Brett Kavanaugh went full Hannity
To save his nomination, Kavanaugh unleashed his inner wing nut
Written by Simon Maloy
Published
Brett Kavanaugh came into yesterday’s Senate hearing on his nomination to the Supreme Court in dire trouble. Prior to his appearance, the Senate Judiciary Committee heard wrenching, agonizing, and manifestly credible testimony from Christine Blasey Ford as she described the sexual assault she says Kavanaugh inflicted upon her over three decades ago when they were both still in high school. Committee Republicans, likely sensitive to the optics of a sexual assault survivor being interrogated by their all-male roster, outsourced their questioning to sex-crimes prosecutor Rachel Mitchell, who didn’t manage to undercut Ford’s credibility but did poke a few holes in Kavanaugh’s.
Cornered, threatened, and facing the abrupt termination of what was supposed to be a painless ascension to the Supreme Court, Kavanaugh went feral. His opening statement kicked off with an acerbic screed aimed at the committee Democrats. Yelling into his microphone and flushed with anger, Kavanaugh denied every allegation against him. He snapped at the Democratic senators on the committee, talked over them, and petulantly threw their questions back in their faces. And all throughout the hearing, he lied about matters large and small.
Much of the coverage focused on Kavanaugh’s anger and his tone, and many conservatives were quick to argue that his rage was understandable as that of a man falsely accused. But the most revealing moment of Kavanaugh’s testimony came early on when he said this:
This whole two-week effort has been a calculated and orchestrated political hit, fueled with apparent pent-up anger about President Trump and the 2016 election. Fear that has been unfairly stoked about my judicial record. Revenge on behalf of the Clintons. and millions of dollars in money from outside left-wing opposition groups.
If you’ve spent any time watching Fox News or listening to conservative talk radio, rhetoric like this should be instantly recognizable: conspiratorial, steeped in grievance, and swaddled in anger. Watch Sean Hannity’s program on literally any night of the week and you’ll be bombarded with near-identical harangues about shadowy left-wing conspiracies driven by resentment over President Donald Trump’s election and invariably connected somehow to Bill and Hillary Clinton.
“The entire basis of Robert Mueller’s so-called investigation is based on a lie and a conspiracy theory that was cooked up by the Obama administration, by Democrats, and by the liberal news media as an excuse for why Hillary Clinton lost the election,” Hannity complained this past January. “Mueller’s investigation has now morphed into a Democratic political hit job.” Compare that to the Supreme Court nominee’s accusation of a “calculated and orchestrated political hit” fueled by “anger about President Trump and the 2016 election” and Clintonite vengeance.

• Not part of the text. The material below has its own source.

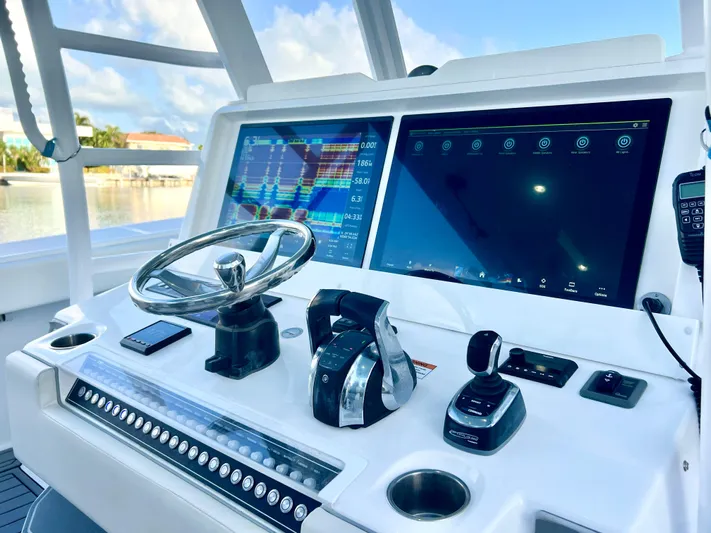 Lia Rose Yacht Photos Pics Control panel of 2022 Invincible 46 Catamaran with advanced navigation screens and steering wheel.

Brett Kavanaugh was not a judge in that moment; he was a pro-Trump cable news pundit.
To no one’s surprise, Kavanaugh’s testimony was loudly celebrated by the Republican establishment and conservative media. GOP senators who were content to let their proxy counsel speak for them to Dr. Ford abruptly abandoned her to join and echo Kavanaugh’s aggrieved complaint.
During and after the hearing, the general reaction was that Kavanaugh was putting on a performance for an audience of one -- specifically, Donald Trump, who values this sort of aggressive combativeness (particularly from powerful allies who are facing sexual misconduct allegations). And that’s true insofar as Kavanaugh needed to reassure the man who nominated him, and he succeeded in that effort. But it would be incorrect to view Kavanaugh’s testimony yesterday as some sort of act or contrivance.
This is who Brett Kavanaugh is. This is the Brett Kavanaugh who worked as a deputy to former independent counsel Ken Starr and harbored a singular obsession with long-debunked conspiracy theories about Clinton White House official Vince Foster’s suicide. This is the Brett Kavanaugh who, as a staffer in George W. Bush’s White House, was linked to a scandal surrounding emails stolen from Democratic senators (Kavanaugh’s blanket denials of having knowingly received those stolen documents were convincingly debunked by Senate Judiciary Committee Democrats).
The Kavanaugh that we saw at the confirmation hearings earlier this month who talked about the virtues of an independent and nonpartisan judiciary, who said “a good judge must be an umpire -- a neutral and impartial arbiter who favors no litigant or policy,” who warned that the “the Supreme Court must never be viewed as a partisan institution” -- that was the fake Kavanaugh. That Brett Kavanaugh was putting on a show and playing the part of an impartial jurist. Maintaining that fiction yesterday would not have helped his cause, so he cast it aside and let his inner Hannity take control.
Now it seems likely that Kavanaugh will be confirmed by the Republican-controlled Senate and ascend to the Supreme Court. Chances are pretty good that, at some point, the high court will be forced to weigh in on the Russia investigation conducted by special counsel Robert Mueller: an investigation that Trump has attacked as a Democratic conspiracy linked to Hillary Clinton that is driven by lingering anger over his election.
Hey … where have we heard that before?